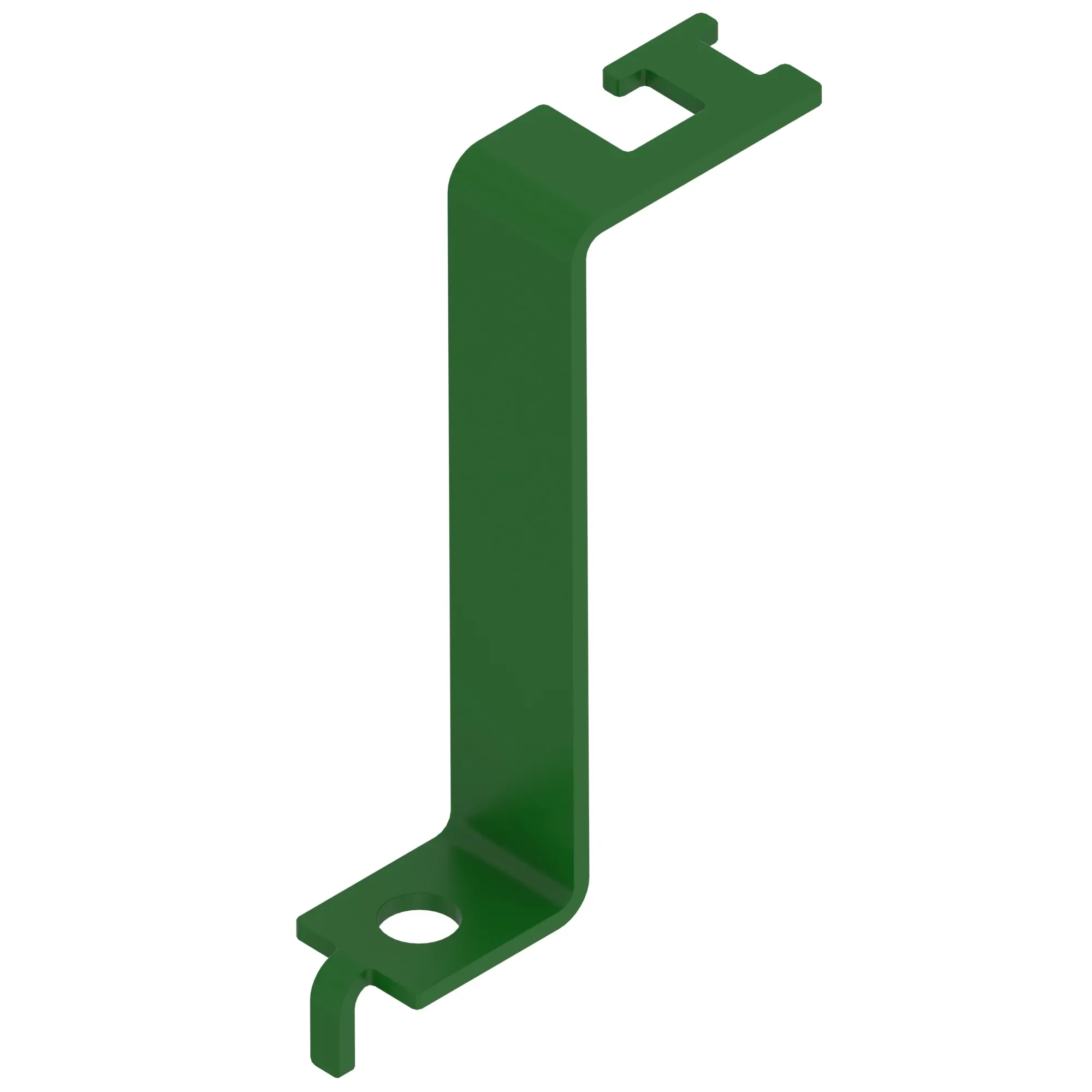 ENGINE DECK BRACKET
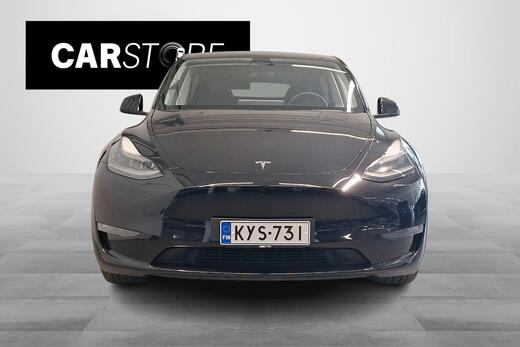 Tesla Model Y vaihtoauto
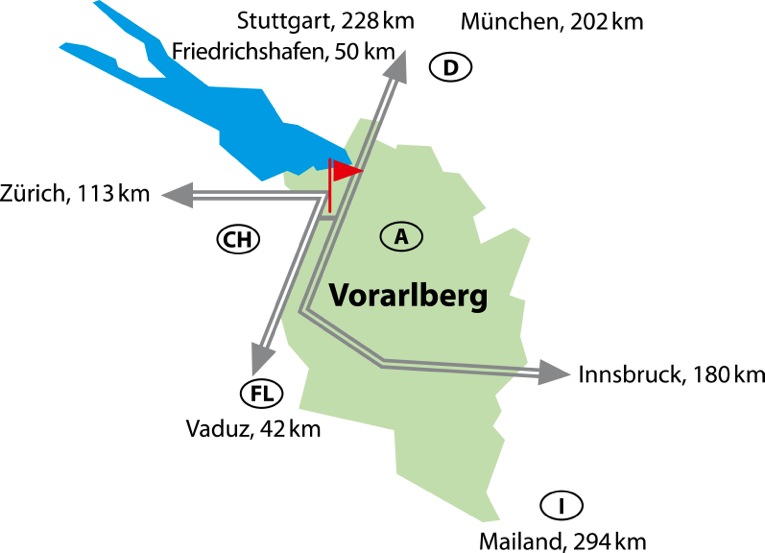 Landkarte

***

Every line above is to be reproduced verbatim, and the pictures are to be omitted.

== EXERCISE RESULT ==
 ENGINE DECK BRACKET
 Tesla Model Y vaihtoauto
 Landkarte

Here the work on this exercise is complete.